5) Do you believe you and your current spouse could last the whole 80 years? 

Last part: if you answered 'no' to #1 and/or #5 or yes to #2 or in general do you feel the longer we live, the less likely we are to remain hitched to one person?


----------



## happy as a clam (Jan 5, 2014)

McDean said:


> 1) Would you still get married? *Yes*
> 2) Would you plan to have more than one marriage? *No*
> 3) Would wait until a certain age to get married? *Yes, would wait until around age 30*
> 4) What about kids? *Yes, would definitely still have kids!*
> 5) Do you believe you and your current spouse could last the whole 80 years? *Yes!* (I'm not married anymore, but I believe if I was married to my current long-term SO we would definitely make it the entire 80 years.


70-80 years is a loooooong time though!


----------



## GusPolinski (Jan 21, 2014)

McDean said:


> Question: If at age 20 you were told with 100% certainty you would live to 100 years old with at least moderate health during those 80 years:
> 1) Would you still get married?


Yes.



McDean said:


> 2) Would you plan to have more than one marriage?


No.



McDean said:


> 3) Would wait until a certain age to get married?


Yes... I'd wait until I was the age at which I found the woman that I wanted to marry.



McDean said:


> 4) What about kids?


Yes.



McDean said:


> 5) Do you believe you and your current spouse could last the whole 80 years?


Yes. I wouldn't have married her otherwise.



McDean said:


> Last part: if you answered 'no' to #1 and/or #5 or yes to #2 or in general *do you feel the longer we live, the less likely we are to remain hitched to one person?*


That's probably true from a purely statistical perspective.


----------



## Rowan (Apr 3, 2012)

I married one week after turning 21, so for me these questions are not hypothetical. I figured, given my family history, that I had a fair chance of living well into my 90's, if not actually to 100. I got married knowing that, never planned to have more than one marriage, felt no need to wait until a certain age to marry, wanted children and had one within a couple years of marriage, and believed my spouse and I could actually make it until death did us part. I wouldn't have gotten married if I didn't think I was ready and that we could make it. 

Looking back with the advantage of knowing all the things I would come to discover about my spouse over the course of our 16 year marriage, I cannot say whether or not I would do it again. If my son were not in the picture, then I would not marry my ex-husband again - knowing what I do now. However, if I hadn't married him I wouldn't have my son, and that's something I could never wish undone.


----------



## heartsbeating (May 2, 2011)

McDean said:


> .....or in general do you feel the longer we live, the less likely we are to remain hitched to one person?


There's too many variables with this question.
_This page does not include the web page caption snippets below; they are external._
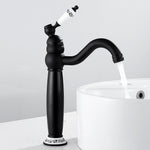 New Deck Bathroom Basin Sink Mixer Tap Polished Antique/Black Faucet Waterfall Faucet Bathroom Faucet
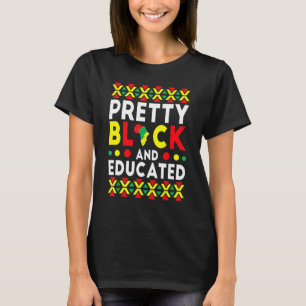 T-shirt Jolie Noire Et Éduquée Femmes Africaines Poing Noi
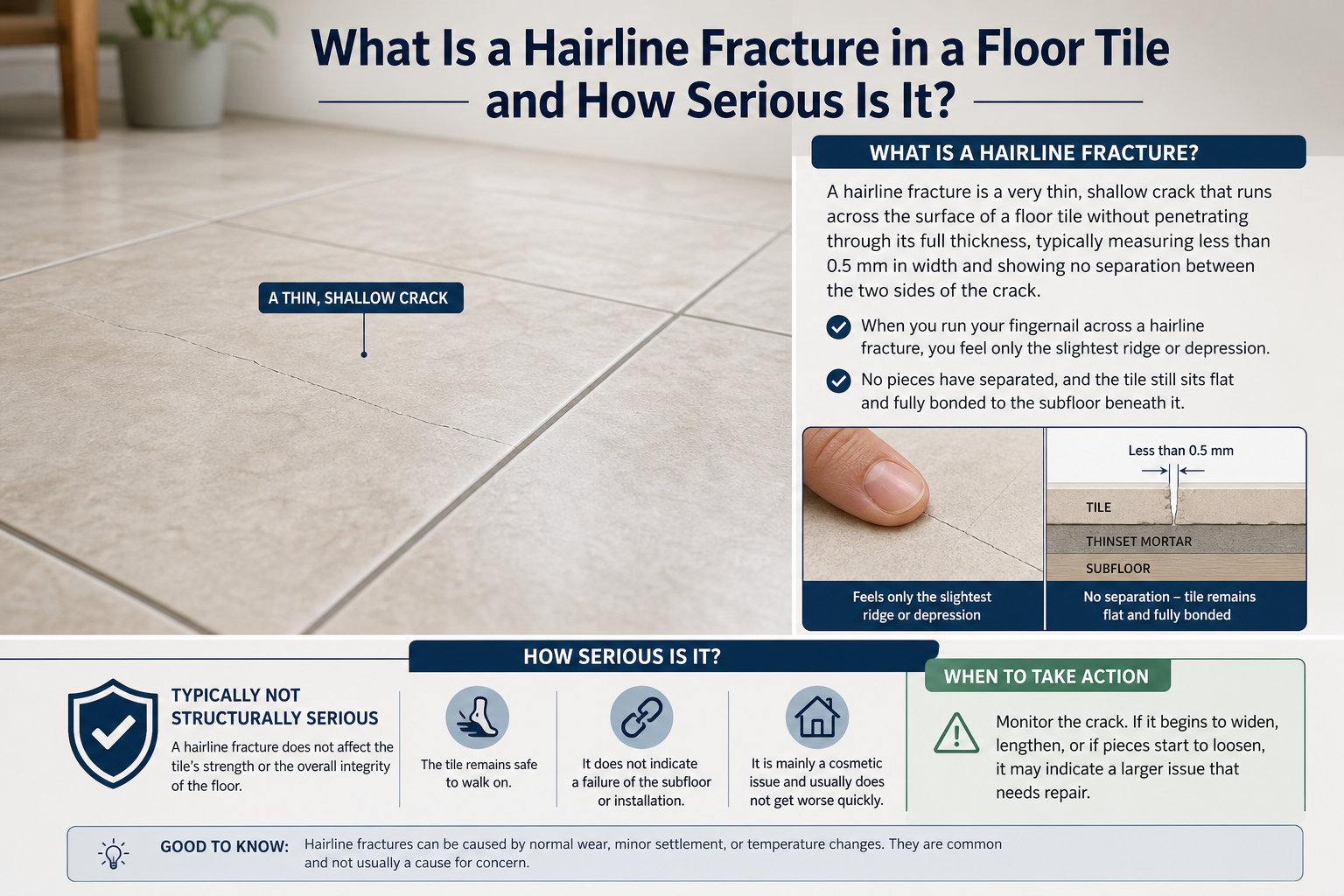 What Is a Hairline Fracture in a Floor Tile and How Serious Is It?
Mindset, values, the marriage itself, and even society/culture can play a part. What I do feel though, from my own life observations, is that 'how' ever one is and the way one chooses to approach life, seems to become amplified into old age. 

If I were to consider a long life that's been well lived, the anchor is resilience and/or compassion (including self-compassion). From that grounded perspective, love and self-fulfillment emerges. Sprinkle some fun laughter passions travel and family / friendship in there and that sounds like a pretty good state of being with a life well lived. 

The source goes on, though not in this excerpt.